Go to the line below that contains "A brick building". From there to the end of the records, reproduce each line exactly, except the pictures.

[Saved entries]
__________
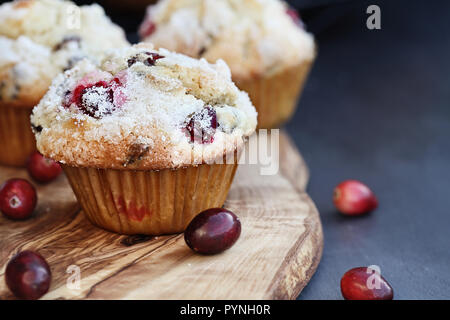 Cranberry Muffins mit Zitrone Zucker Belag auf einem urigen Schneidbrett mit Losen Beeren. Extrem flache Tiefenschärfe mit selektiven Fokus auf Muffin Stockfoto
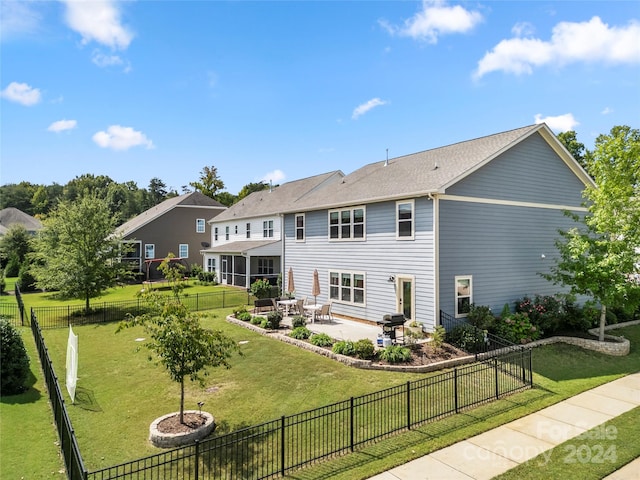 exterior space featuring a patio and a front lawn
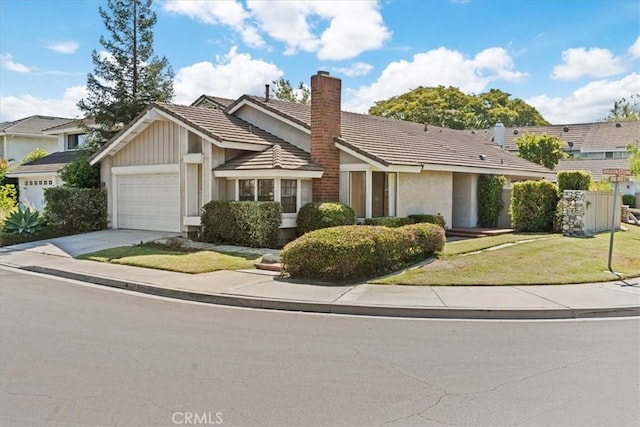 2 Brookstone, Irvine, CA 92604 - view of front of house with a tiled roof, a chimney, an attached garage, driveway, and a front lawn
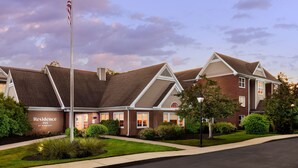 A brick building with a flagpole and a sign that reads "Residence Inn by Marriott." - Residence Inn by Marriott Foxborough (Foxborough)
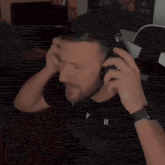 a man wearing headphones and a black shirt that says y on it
__________
▶ **Your solution**:
 A brick building with a flagpole and a sign that reads "Residence Inn by Marriott." - Residence Inn by Marriott Foxborough (Foxborough)
 a man wearing headphones and a black shirt that says y on it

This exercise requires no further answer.